La révélation que l'homme est aveuglé par sa toute-puissance

Oedipe ne comprend pas ce qui se passe. C'est pourquoi il n'hésite pas à envoyer Créon, le frère de sa femme, à Delphes. Aussitôt le message arrive : " Le meurtrier du roi Laïos est dans les murs de Thèbes. Tant qu'il ne sera pas puni, le royaume ne sera pas débarrassé de la peste ". Œdipe qui a été choisi comme roi, il y a déjà longtemps, après son combat contre le Sphinx, est loin d'être clairvoyant. Aussi appelle-t-il un aveugle, Tirésias, le prophète, pour lui révéler l'invisible. Tirésias n'ose pas dire ce qu'il voit. Fortement réprimandé par le roi, il finit par avouer : " Tu veux connaître la vérité ? Eh bien, je vais te le dire. Tu as toi-même tué Laïos et tu as épousé ta propre mère ". Œdipe n'a rien vu. Il finit par comprendre que la toute-puissance l'aveugle, comme elle aveugle les autres hommes. Aussi abandonne-t-il le pouvoir à Créon, se déchargeant ainsi de la cause de son aveuglement et, pour faire bonne mesure, il se crève les yeux pour retrouver la vision intérieure qui lui manque.

Œdipe comprend qu'il faut donner sa place à la femme

Le héros comprend alors qu'il est nécessaire de redonner sa véritable place à la femme. Puisque Jocaste est morte, c'est sa fille Antigone qu'il révélera à elle-même pour qu'elle réponde à la question fondamentale de l'homme. Appuyé sur un bâton, il s'en va vers la mort. Antigone l'accompagne. L'amour paternel se conjugue avec l'amour filial. Œdipe n'a plus peur de la mort. Il sait maintenant que cette peur est à l'origine de toutes les dérives de l'homme et qu'il n'y a d'autres voies que l'amour. En réalité, l'amour finit par transcender la mort elle-même : amour conjugal, amour paternel ou maternel, amour filial, amour fraternel. Dans le bosquet des Erinyes, Œdipe, habillé de vêtements neufs, peut retrouver la paix dans la mort elle-même. Et il appartient maintenant à Antigone de révéler à l'homme son propre secret.
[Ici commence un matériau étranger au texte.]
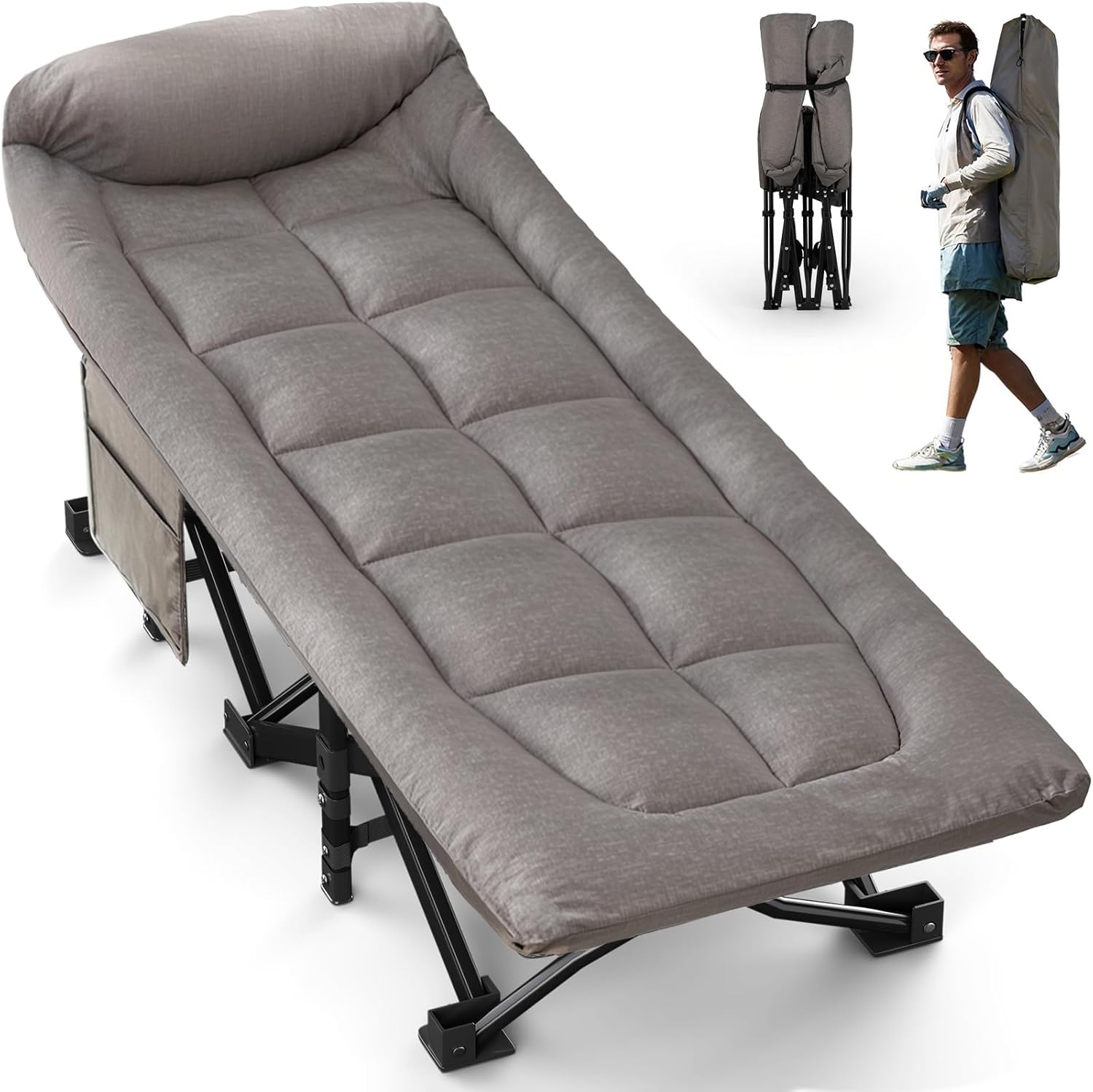 Overmont 28" Extra Wide Padded Folding Camping Bed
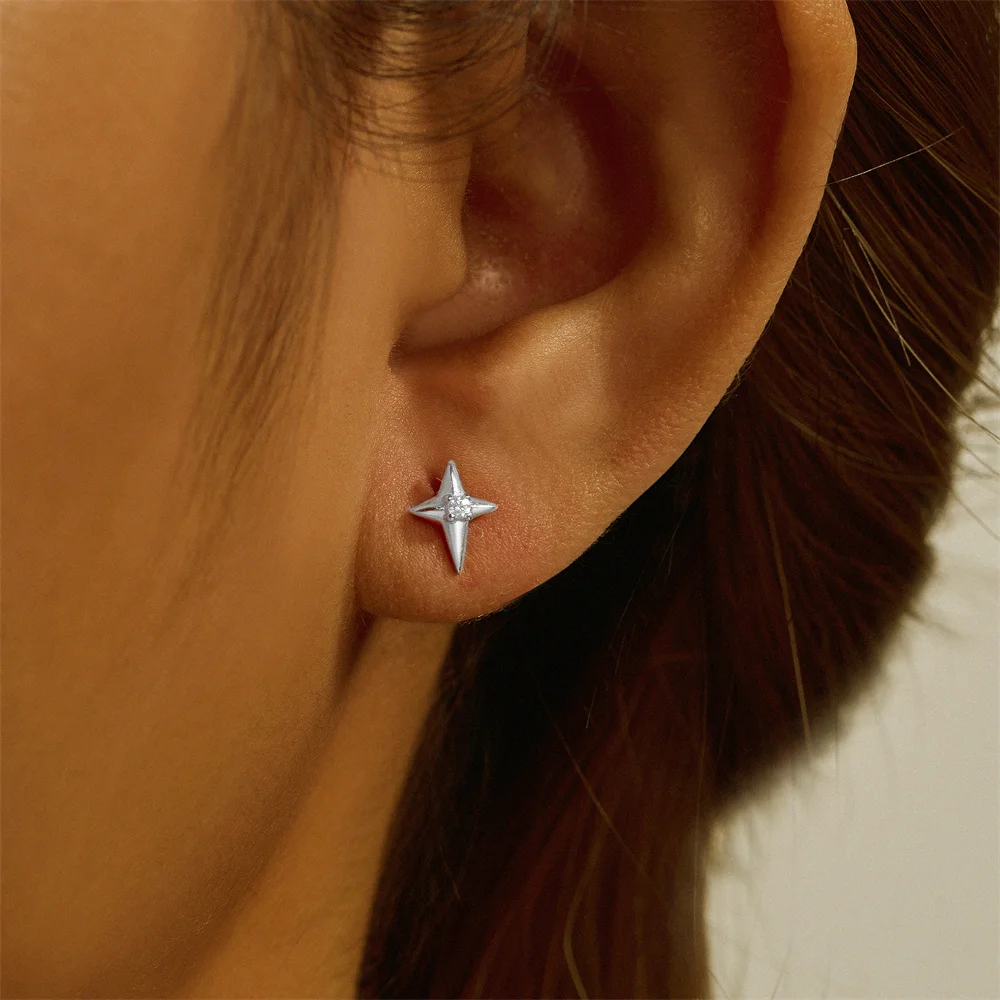 Fashion Jewelry  S925 Sterling Silver 18k Gold Plated Earring Korean Style Quadrangular Star Piercing Stud Earrings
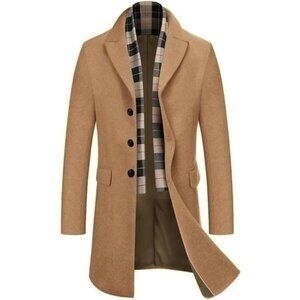 Men's Wool Blend Coat with Detachable Plaid Scarfs Notched Collar SingleBreasted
Le combat de la femme contre la toute-puissance de l'homme

Victimes de leur propre toute-puissance, les deux frères d'Antigone, Etéocle et Polynice, finissent par s'entretuer. Mais Polynice, considéré comme le véritable perturbateur n'a pas droit aux funérailles. Créon, le nouveau roi, menace de mort toute personne qui contreviendrait à un tel interdit. Pour Antigone, en raison de son amour fraternel, il est de son devoir de transgresser un tel interdit. Pendant la nuit, elle vient discrètement pour honorer son frère mais les gardes finissent par découvrir son forfait. Créon la condamne alors à être enterrée vivante. Menée sur le lieu de son supplice, avant que la sentence ne soit exécutée, elle se pend avec son voile de femme. Aux yeux de tous et surtout du roi, elle révèle que la femme est enterrée vivante simplement parce qu'elle est femme. Et cela parce que l'homme est enfermé dans sa toute-puissance d'homme. Aujourd'hui encore, Antigone crie qu'il n'y a de solution que dans l'amour, plus fort que la mort. Mais l'amour n'est possible que si l'homme renonce à sa propre toute-puissance.